* Work required *
Print all of the records below again without a single difference.
The data section start
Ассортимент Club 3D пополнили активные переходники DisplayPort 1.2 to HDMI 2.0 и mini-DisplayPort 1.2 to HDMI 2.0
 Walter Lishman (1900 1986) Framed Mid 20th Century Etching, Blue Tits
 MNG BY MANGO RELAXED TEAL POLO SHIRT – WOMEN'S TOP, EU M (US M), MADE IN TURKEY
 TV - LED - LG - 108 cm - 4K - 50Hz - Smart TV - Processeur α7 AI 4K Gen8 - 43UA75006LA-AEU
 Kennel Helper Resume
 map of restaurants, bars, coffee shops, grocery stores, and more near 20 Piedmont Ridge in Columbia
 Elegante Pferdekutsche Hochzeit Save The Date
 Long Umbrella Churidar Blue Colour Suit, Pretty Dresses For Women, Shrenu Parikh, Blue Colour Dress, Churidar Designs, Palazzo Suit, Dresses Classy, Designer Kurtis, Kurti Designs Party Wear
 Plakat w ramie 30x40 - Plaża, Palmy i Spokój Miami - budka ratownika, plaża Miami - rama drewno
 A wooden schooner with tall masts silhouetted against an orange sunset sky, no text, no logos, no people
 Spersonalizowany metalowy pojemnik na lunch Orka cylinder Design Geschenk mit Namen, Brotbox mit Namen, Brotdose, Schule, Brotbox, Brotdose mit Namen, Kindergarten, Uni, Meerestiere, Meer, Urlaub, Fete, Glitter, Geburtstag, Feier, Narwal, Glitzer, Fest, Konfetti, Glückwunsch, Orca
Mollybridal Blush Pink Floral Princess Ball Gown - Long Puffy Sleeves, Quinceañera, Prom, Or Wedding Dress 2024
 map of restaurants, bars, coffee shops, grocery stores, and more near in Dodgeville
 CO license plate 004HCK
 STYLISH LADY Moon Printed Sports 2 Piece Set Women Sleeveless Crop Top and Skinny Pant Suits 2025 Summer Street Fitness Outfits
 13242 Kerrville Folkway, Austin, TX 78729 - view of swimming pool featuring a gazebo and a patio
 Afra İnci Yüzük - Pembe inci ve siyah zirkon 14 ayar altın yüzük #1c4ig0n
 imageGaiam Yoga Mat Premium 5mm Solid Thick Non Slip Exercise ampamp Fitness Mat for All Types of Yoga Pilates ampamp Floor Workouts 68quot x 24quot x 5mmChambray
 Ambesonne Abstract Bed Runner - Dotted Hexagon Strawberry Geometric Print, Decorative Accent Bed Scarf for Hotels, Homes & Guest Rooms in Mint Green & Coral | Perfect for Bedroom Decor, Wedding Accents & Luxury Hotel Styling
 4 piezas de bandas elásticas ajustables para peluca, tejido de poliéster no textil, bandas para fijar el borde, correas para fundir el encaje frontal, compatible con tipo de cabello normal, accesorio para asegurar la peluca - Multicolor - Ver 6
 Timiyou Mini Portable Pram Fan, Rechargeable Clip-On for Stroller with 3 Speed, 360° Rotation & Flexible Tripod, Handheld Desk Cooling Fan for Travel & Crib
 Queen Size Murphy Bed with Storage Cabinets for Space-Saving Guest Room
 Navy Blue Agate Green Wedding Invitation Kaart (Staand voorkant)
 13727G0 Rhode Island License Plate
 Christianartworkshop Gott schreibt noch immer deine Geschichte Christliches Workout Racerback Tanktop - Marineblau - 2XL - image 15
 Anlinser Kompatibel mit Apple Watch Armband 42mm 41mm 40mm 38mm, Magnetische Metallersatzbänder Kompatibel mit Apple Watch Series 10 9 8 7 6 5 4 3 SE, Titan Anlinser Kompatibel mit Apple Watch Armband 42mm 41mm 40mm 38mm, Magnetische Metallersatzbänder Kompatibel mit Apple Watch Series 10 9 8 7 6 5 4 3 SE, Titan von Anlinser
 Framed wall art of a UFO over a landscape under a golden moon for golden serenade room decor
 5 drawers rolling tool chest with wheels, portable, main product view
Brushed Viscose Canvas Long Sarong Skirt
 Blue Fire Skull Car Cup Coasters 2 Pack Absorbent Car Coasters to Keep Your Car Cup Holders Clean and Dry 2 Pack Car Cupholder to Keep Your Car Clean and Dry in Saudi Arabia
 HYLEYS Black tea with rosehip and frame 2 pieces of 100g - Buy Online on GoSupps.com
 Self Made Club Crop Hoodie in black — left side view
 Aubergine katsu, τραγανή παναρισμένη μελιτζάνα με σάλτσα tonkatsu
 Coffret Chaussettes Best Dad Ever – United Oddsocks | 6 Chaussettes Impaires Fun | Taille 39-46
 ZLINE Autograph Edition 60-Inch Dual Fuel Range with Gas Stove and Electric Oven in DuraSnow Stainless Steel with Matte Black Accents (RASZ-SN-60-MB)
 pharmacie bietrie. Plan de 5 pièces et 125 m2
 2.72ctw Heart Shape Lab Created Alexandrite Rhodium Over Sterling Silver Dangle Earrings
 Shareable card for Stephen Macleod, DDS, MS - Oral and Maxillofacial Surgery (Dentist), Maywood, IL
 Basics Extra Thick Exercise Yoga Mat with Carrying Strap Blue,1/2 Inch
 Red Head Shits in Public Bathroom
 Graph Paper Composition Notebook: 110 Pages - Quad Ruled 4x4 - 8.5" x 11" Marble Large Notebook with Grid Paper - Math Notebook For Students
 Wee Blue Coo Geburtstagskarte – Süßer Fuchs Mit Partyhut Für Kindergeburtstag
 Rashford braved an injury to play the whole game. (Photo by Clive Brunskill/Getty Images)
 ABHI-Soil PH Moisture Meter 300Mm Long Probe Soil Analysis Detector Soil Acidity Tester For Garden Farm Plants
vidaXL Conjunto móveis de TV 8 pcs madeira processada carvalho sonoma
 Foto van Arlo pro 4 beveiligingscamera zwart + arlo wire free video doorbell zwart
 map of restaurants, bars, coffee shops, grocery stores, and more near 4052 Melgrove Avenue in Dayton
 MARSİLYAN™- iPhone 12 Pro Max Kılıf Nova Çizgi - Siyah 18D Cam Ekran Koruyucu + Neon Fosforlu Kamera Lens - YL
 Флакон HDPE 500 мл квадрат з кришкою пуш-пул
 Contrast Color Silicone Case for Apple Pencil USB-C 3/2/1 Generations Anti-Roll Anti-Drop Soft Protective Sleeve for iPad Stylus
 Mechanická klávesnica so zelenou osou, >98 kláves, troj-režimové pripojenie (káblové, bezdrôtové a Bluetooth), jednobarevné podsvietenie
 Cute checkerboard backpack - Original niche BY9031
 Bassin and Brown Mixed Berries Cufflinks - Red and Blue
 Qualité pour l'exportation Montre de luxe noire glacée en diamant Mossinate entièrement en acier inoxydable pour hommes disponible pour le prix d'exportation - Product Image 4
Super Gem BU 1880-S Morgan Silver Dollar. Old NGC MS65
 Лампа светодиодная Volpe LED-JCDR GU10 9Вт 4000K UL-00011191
The data section end
* Written answer *
Ассортимент Club 3D пополнили активные переходники DisplayPort 1.2 to HDMI 2.0 и mini-DisplayPort 1.2 to HDMI 2.0
 Walter Lishman (1900 1986) Framed Mid 20th Century Etching, Blue Tits
 MNG BY MANGO RELAXED TEAL POLO SHIRT – WOMEN'S TOP, EU M (US M), MADE IN TURKEY
 TV - LED - LG - 108 cm - 4K - 50Hz - Smart TV - Processeur α7 AI 4K Gen8 - 43UA75006LA-AEU
 Kennel Helper Resume
 map of restaurants, bars, coffee shops, grocery stores, and more near 20 Piedmont Ridge in Columbia
 Elegante Pferdekutsche Hochzeit Save The Date
 Long Umbrella Churidar Blue Colour Suit, Pretty Dresses For Women, Shrenu Parikh, Blue Colour Dress, Churidar Designs, Palazzo Suit, Dresses Classy, Designer Kurtis, Kurti Designs Party Wear
 Plakat w ramie 30x40 - Plaża, Palmy i Spokój Miami - budka ratownika, plaża Miami - rama drewno
 A wooden schooner with tall masts silhouetted against an orange sunset sky, no text, no logos, no people
 Spersonalizowany metalowy pojemnik na lunch Orka cylinder Design Geschenk mit Namen, Brotbox mit Namen, Brotdose, Schule, Brotbox, Brotdose mit Namen, Kindergarten, Uni, Meerestiere, Meer, Urlaub, Fete, Glitter, Geburtstag, Feier, Narwal, Glitzer, Fest, Konfetti, Glückwunsch, Orca
Mollybridal Blush Pink Floral Princess Ball Gown - Long Puffy Sleeves, Quinceañera, Prom, Or Wedding Dress 2024
 map of restaurants, bars, coffee shops, grocery stores, and more near in Dodgeville
 CO license plate 004HCK
 STYLISH LADY Moon Printed Sports 2 Piece Set Women Sleeveless Crop Top and Skinny Pant Suits 2025 Summer Street Fitness Outfits
 13242 Kerrville Folkway, Austin, TX 78729 - view of swimming pool featuring a gazebo and a patio
 Afra İnci Yüzük - Pembe inci ve siyah zirkon 14 ayar altın yüzük #1c4ig0n
 imageGaiam Yoga Mat Premium 5mm Solid Thick Non Slip Exercise ampamp Fitness Mat for All Types of Yoga Pilates ampamp Floor Workouts 68quot x 24quot x 5mmChambray
 Ambesonne Abstract Bed Runner - Dotted Hexagon Strawberry Geometric Print, Decorative Accent Bed Scarf for Hotels, Homes & Guest Rooms in Mint Green & Coral | Perfect for Bedroom Decor, Wedding Accents & Luxury Hotel Styling
 4 piezas de bandas elásticas ajustables para peluca, tejido de poliéster no textil, bandas para fijar el borde, correas para fundir el encaje frontal, compatible con tipo de cabello normal, accesorio para asegurar la peluca - Multicolor - Ver 6
 Timiyou Mini Portable Pram Fan, Rechargeable Clip-On for Stroller with 3 Speed, 360° Rotation & Flexible Tripod, Handheld Desk Cooling Fan for Travel & Crib
 Queen Size Murphy Bed with Storage Cabinets for Space-Saving Guest Room
 Navy Blue Agate Green Wedding Invitation Kaart (Staand voorkant)
 13727G0 Rhode Island License Plate
 Christianartworkshop Gott schreibt noch immer deine Geschichte Christliches Workout Racerback Tanktop - Marineblau - 2XL - image 15
 Anlinser Kompatibel mit Apple Watch Armband 42mm 41mm 40mm 38mm, Magnetische Metallersatzbänder Kompatibel mit Apple Watch Series 10 9 8 7 6 5 4 3 SE, Titan Anlinser Kompatibel mit Apple Watch Armband 42mm 41mm 40mm 38mm, Magnetische Metallersatzbänder Kompatibel mit Apple Watch Series 10 9 8 7 6 5 4 3 SE, Titan von Anlinser
 Framed wall art of a UFO over a landscape under a golden moon for golden serenade room decor
 5 drawers rolling tool chest with wheels, portable, main product view
Brushed Viscose Canvas Long Sarong Skirt
 Blue Fire Skull Car Cup Coasters 2 Pack Absorbent Car Coasters to Keep Your Car Cup Holders Clean and Dry 2 Pack Car Cupholder to Keep Your Car Clean and Dry in Saudi Arabia
 HYLEYS Black tea with rosehip and frame 2 pieces of 100g - Buy Online on GoSupps.com
 Self Made Club Crop Hoodie in black — left side view
 Aubergine katsu, τραγανή παναρισμένη μελιτζάνα με σάλτσα tonkatsu
 Coffret Chaussettes Best Dad Ever – United Oddsocks | 6 Chaussettes Impaires Fun | Taille 39-46
 ZLINE Autograph Edition 60-Inch Dual Fuel Range with Gas Stove and Electric Oven in DuraSnow Stainless Steel with Matte Black Accents (RASZ-SN-60-MB)
 pharmacie bietrie. Plan de 5 pièces et 125 m2
 2.72ctw Heart Shape Lab Created Alexandrite Rhodium Over Sterling Silver Dangle Earrings
 Shareable card for Stephen Macleod, DDS, MS - Oral and Maxillofacial Surgery (Dentist), Maywood, IL
 Basics Extra Thick Exercise Yoga Mat with Carrying Strap Blue,1/2 Inch
 Red Head Shits in Public Bathroom
 Graph Paper Composition Notebook: 110 Pages - Quad Ruled 4x4 - 8.5" x 11" Marble Large Notebook with Grid Paper - Math Notebook For Students
 Wee Blue Coo Geburtstagskarte – Süßer Fuchs Mit Partyhut Für Kindergeburtstag
 Rashford braved an injury to play the whole game. (Photo by Clive Brunskill/Getty Images)
 ABHI-Soil PH Moisture Meter 300Mm Long Probe Soil Analysis Detector Soil Acidity Tester For Garden Farm Plants
vidaXL Conjunto móveis de TV 8 pcs madeira processada carvalho sonoma
 Foto van Arlo pro 4 beveiligingscamera zwart + arlo wire free video doorbell zwart
 map of restaurants, bars, coffee shops, grocery stores, and more near 4052 Melgrove Avenue in Dayton
 MARSİLYAN™- iPhone 12 Pro Max Kılıf Nova Çizgi - Siyah 18D Cam Ekran Koruyucu + Neon Fosforlu Kamera Lens - YL
 Флакон HDPE 500 мл квадрат з кришкою пуш-пул
 Contrast Color Silicone Case for Apple Pencil USB-C 3/2/1 Generations Anti-Roll Anti-Drop Soft Protective Sleeve for iPad Stylus
 Mechanická klávesnica so zelenou osou, >98 kláves, troj-režimové pripojenie (káblové, bezdrôtové a Bluetooth), jednobarevné podsvietenie
 Cute checkerboard backpack - Original niche BY9031
 Bassin and Brown Mixed Berries Cufflinks - Red and Blue
 Qualité pour l'exportation Montre de luxe noire glacée en diamant Mossinate entièrement en acier inoxydable pour hommes disponible pour le prix d'exportation - Product Image 4
Super Gem BU 1880-S Morgan Silver Dollar. Old NGC MS65
 Лампа светодиодная Volpe LED-JCDR GU10 9Вт 4000K UL-00011191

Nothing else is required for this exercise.